Saab has been a consistent money-loser for GM. The brand, which attracted a following of loyalists for quirky hatchbacks with turbocharged engines, lost about $340 million in 2008 and had projected a similar loss this year.

Autos analyst Erich Merkle of Autoconomy said GM was spread too thin before it decided this year to retain only the Chevrolet, Buick, GMC and Cadillac brands. It couldn't give Saab the sustenance it needed to compete, he said.

Saab has been starved by GM which had so many mouths to feed that Saab was like the smallest puppy pushed out of the litter, Merkle said.

Efforts by GM to cut costs by building more recent Saab models on GM platforms diluted the brand's cachet and an effort to sell Saab as Born from Jets fizzled.

GM is better off just clearing the decks and taking the pain now, said George Magliano, an auto analyst at IHS Global Insight. This was inevitable.

GM bought 50 percent of the Saab car operations in 1990 for about $700 million. It paid $125 million and assumed debt for the remainder of the unit in 2000.

TWO DOWN, ONE TO GO?

GM, which took $50 billion in U.S. government aid and emerged from a bankruptcy brokered by the Obama administration in July, had been counting on the sale of its laggard brands including Saab as a key element of its restructuring.

Under new Chief Executive Ed Whitacre, who took charge earlier this month, GM had set a deadline of end-December to find a buyer for Saab.

In order to maintain operations, Saab needed a quick resolution, Nick Reilly, GM's president for European operations said.

GM and Spyker both declined to detail the issues that had convinced both sides a deal could not be closed against the tight deadline.

Spyker last year sold 43 of its luxury cars at prices of 200,000 euros ($294,200) and above. Its primary backers include Russian banking tycoon Vladimir Antonov and his Convers Group.

The involvement of Antonov, who was reportedly shot seven times in an assassination attempt in Moscow in March, had raised questions for some people close to the GM side of negotiations about whether a deal could be closed.

A SECOND LIFE FOR THE BRAND?

Smith said GM would negotiate with Saab dealers to try to find a fair way of proceeding as it drops the brand.

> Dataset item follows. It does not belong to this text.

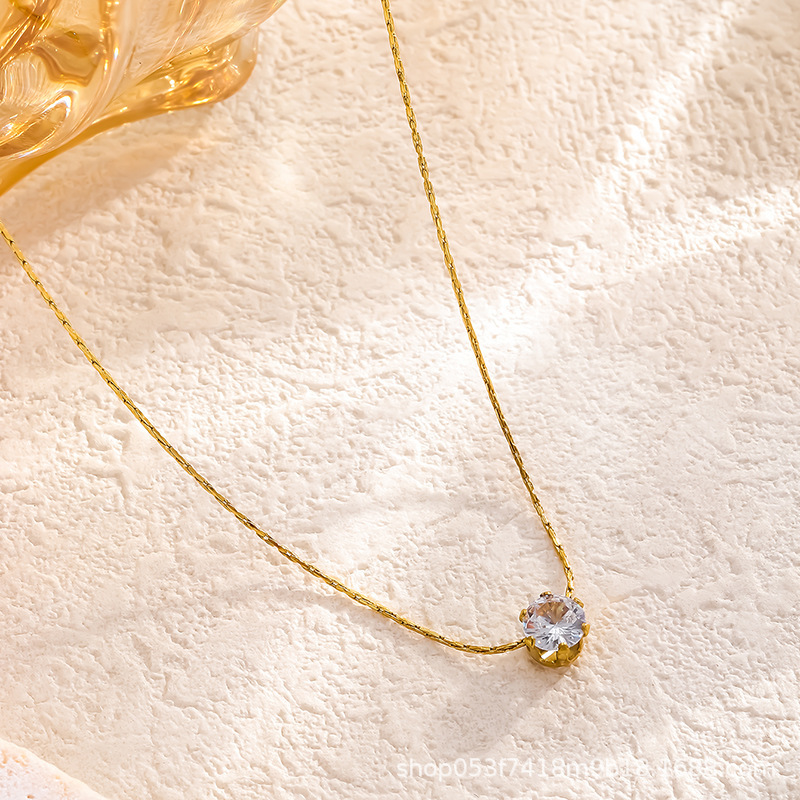 Titanium Steel Gold Six-Claw Zircon Necklace, Feminine Internet Celebrity, Versatile, Exquisite and Simple Clavicle Chain 18K Non-Fading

Remaining U.S. dealers had signed termination agreements in June that gave GM the right to terminate their franchises unless a buyer for Saab could be found.

This is important for the Swedes and a big deal for the Saab dealers, but in the scale of life of General Motors, it is not a big thing, said David Cole, chairman of the Center for Automotive Research in Ann Arbor, Michigan.

GM had been in talks to sell Saab to niche luxury carmaker Koenigsegg, with the backing of China's BAIC until November.

Earlier this week, BAIC completed a deal to buy some assets from Saab, including the tooling and the intellectual property for older versions of the 9-5 and 9-3 sedans.

GM said it could sell other assets as part of the Saab wind-down, a prospect that analysts said raised the possibility that the brand could find a second life with a new buyer as Chinese automakers gird for expansion overseas.

I have a suspicion that Saab will be reincarnated in China, said Magliano of IHS Global Insight.

Saab marks the second failed deal for GM in recent months. GM failed to close a tentative deal to sell its Saturn brand in late September when Detroit-based dealership group Penske Automotive Group pulled out.

Then last month, GM's board shifted course on a planned sale of Opel, rejecting a deal that former Chief Executive Fritz Henderson had backed and helped broker.

A tentative deal to sell GM's Hummer SUV brand to a partnership led by Chinese machinery maker Sichuan Tengzhong Heavy Industrial Machinery has not yet closed and remains subject to review by the Chinese government.

U.S. sales of Saab through November were 7,812, and only 371 were sold in November.

For the full year 2008, U.S. Saab sales were 21,368 vehicles, and from 32,711 in 2007, according to GM.